Because some ships may be less carbon intensive than others, customers can influence emissions

"If the shipping industry were a country, it would be the sixth-biggest industrial carbon emitter in the world. Whereas big countries have plans for cutting emissions, shipping does not. The UN climate talks in Cancún are unlikely to change that. But customers, who indirectly pay for shipping fuel, might be better placed to put pressure on the industry.

To help them, a 'do tank' (yes, really) called the Carbon War Room has set up a website designed to rate ships as if they were refrigerators or boilers. Shippingefficiency.org uses data from IHS Fairplay, a vessel registry, to calculate how fuel-efficient each ship was at the time it was built. The energy implications are converted into letter grades, from squeaky-clean A to dirty G.

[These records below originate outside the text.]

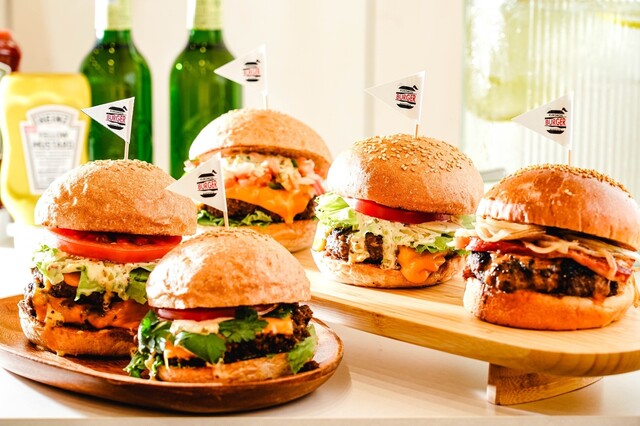 黒門BURGER 誠屋 - 近鉄日本橋/ハンバーガー | 食べログ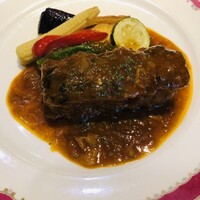 ドラード - スペイン産豚バラ肉の柔らかビール煮込み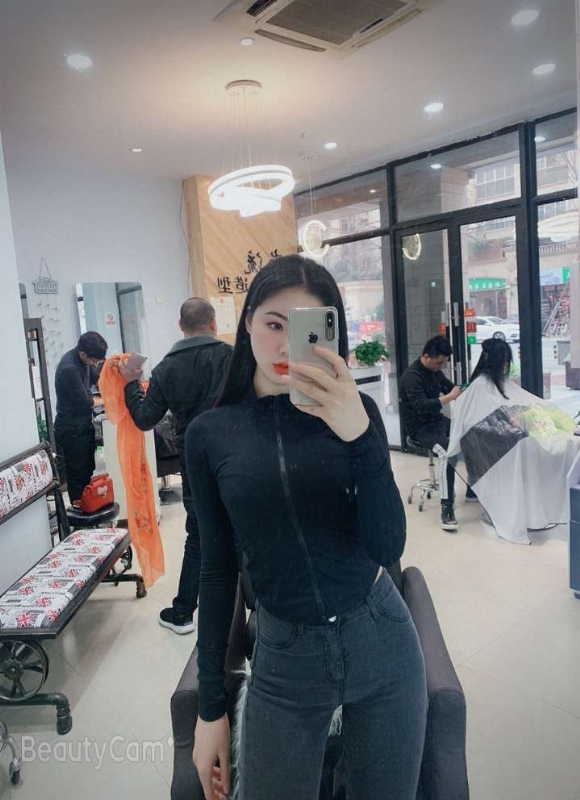 婷婷的第四张照片--鞍山相亲服务中心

The idea is that cost-, environment- or publicity-conscious companies could choose to use only those ships with the best grades. Ports could charge more efficient ships less for their services. Island nations sensitive to climate issues could choose the least carbon dioxide-intensive shipping lines. Kevin Conrad, Papua New Guinea's special envoy on climate change, says his country may consider such a step.

The War Room says it will provide data on 60,000 vessels, giving their owners a new basis on which to compete. If the idea catches on, consumers will be able to shun ships that emit a lot and reward the ones that don't."